## RECORDS PROVIDED:
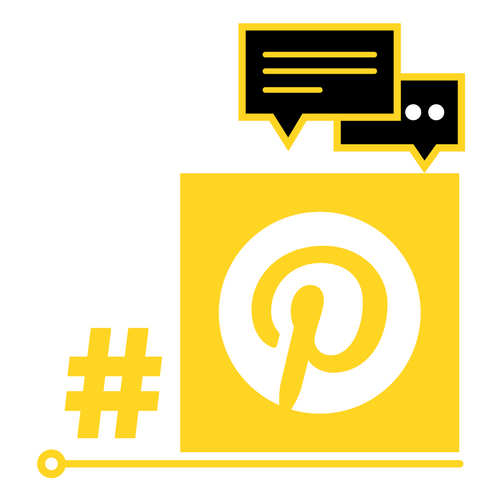 Pinterest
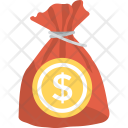 پیش‌نمایش فایل money-sack-20 از پک منابع انسانی ۱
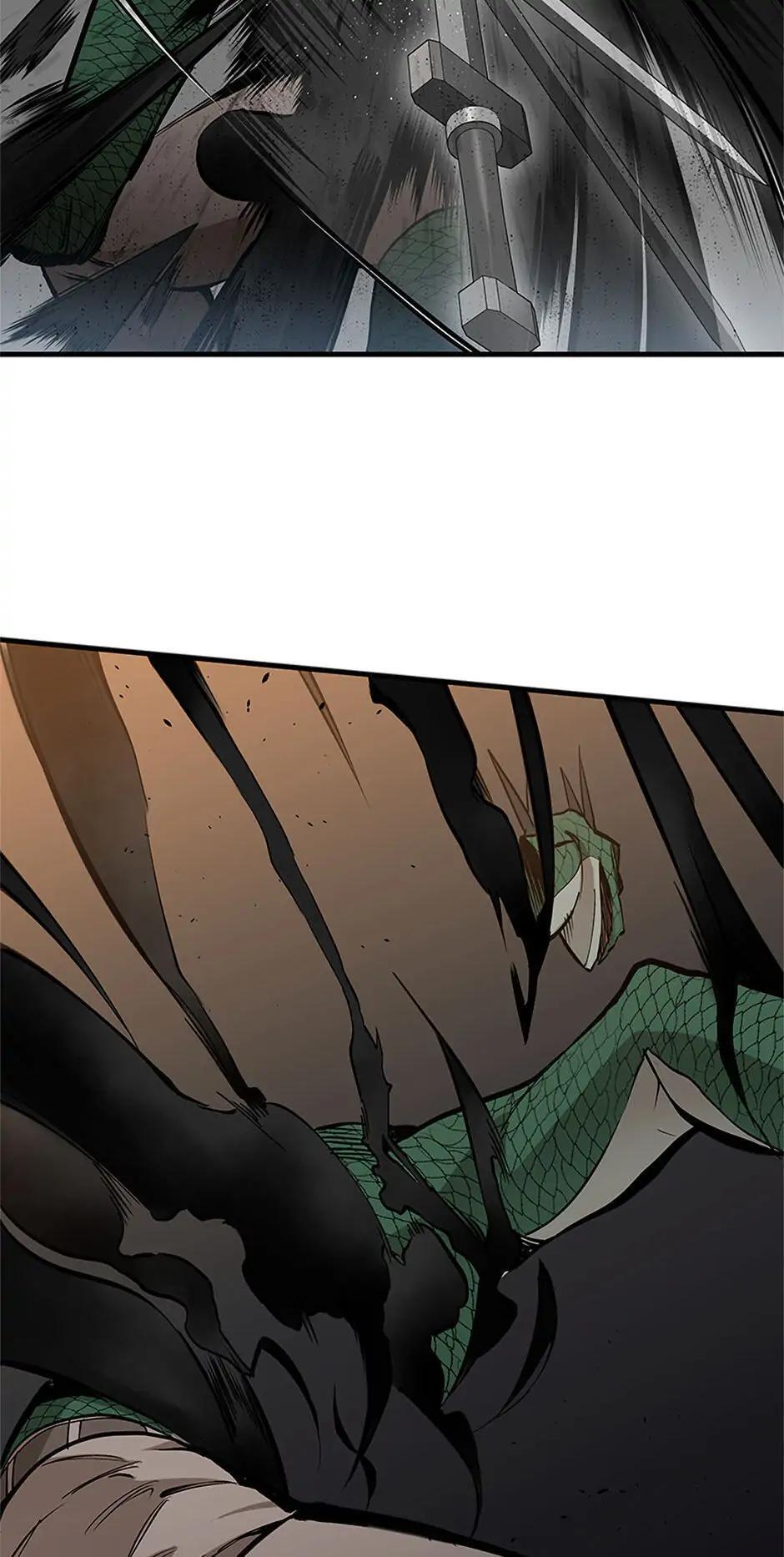 Read The Tutorial Is Too Tough! Manga Online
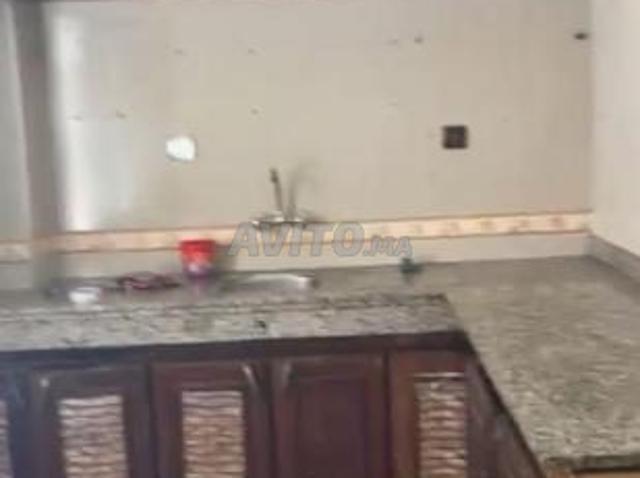 Appartement location à Berrechid, Gharb-Chrarda-Beni Hssen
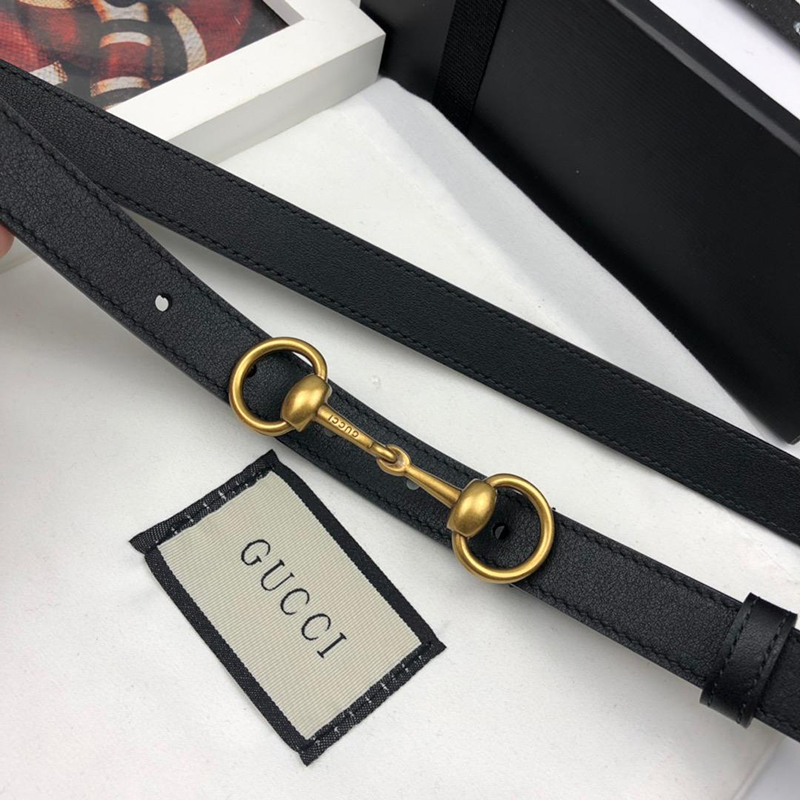 FASH Gucci s Belte 1905BL0321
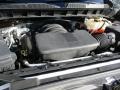 2021 Summit White Chevrolet Silverado 1500 WT Regular Cab  photo #25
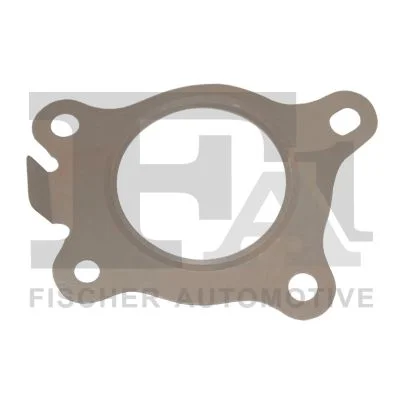 Gasket, exhaust pipe FA1 422-507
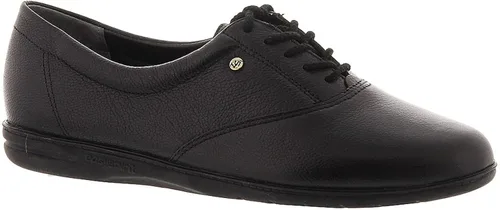 Vista 2 de Easy Spirit Movimiento de cuero Oxford para mujer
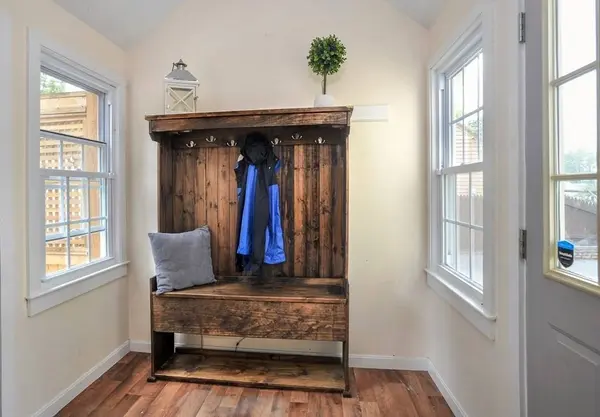 5 John Street, Holden, MA 01520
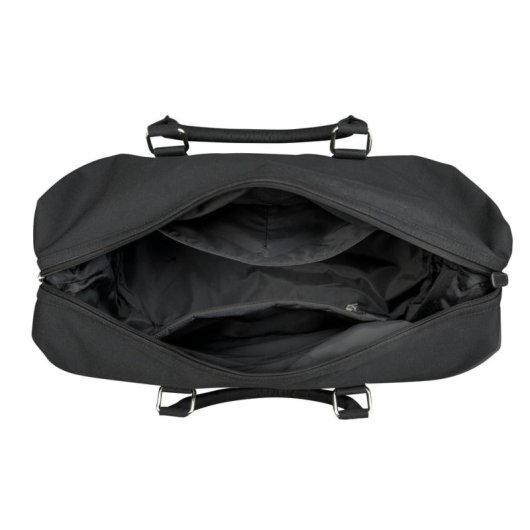 Borsa per portatile dbramante1928 Broadway Nero 900 g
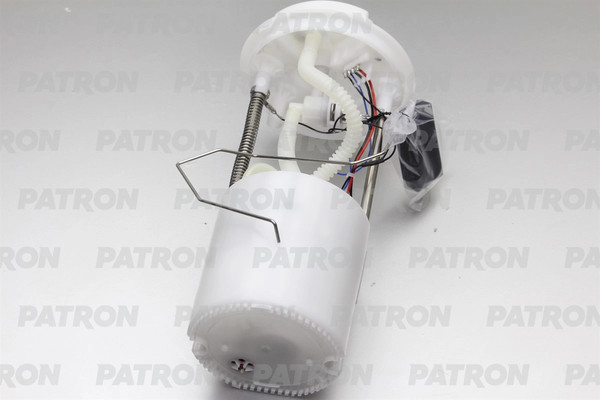 Изображение товара Топливный насос Patron PFP593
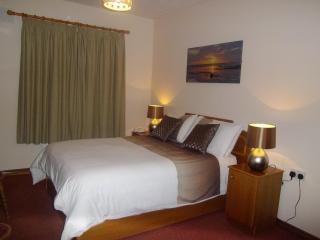 Quay West Ireland - 9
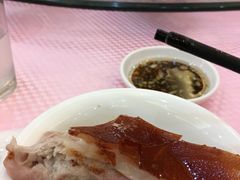 -大来渔村(市桥店)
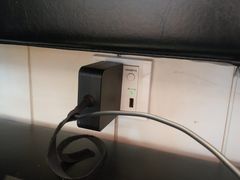 -肯德基(颛桥店)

## WORK INSTRUCTION:
While leaving pictures out, reproduce exactly the lines from the beginning of the listing above through the line containing "FASH Gucci s Belte 1905BL0321", both ends included.

## SOLUTION:
 Pinterest
 پیش‌نمایش فایل money-sack-20 از پک منابع انسانی ۱
 Read The Tutorial Is Too Tough! Manga Online
 Appartement location à Berrechid, Gharb-Chrarda-Beni Hssen
 FASH Gucci s Belte 1905BL0321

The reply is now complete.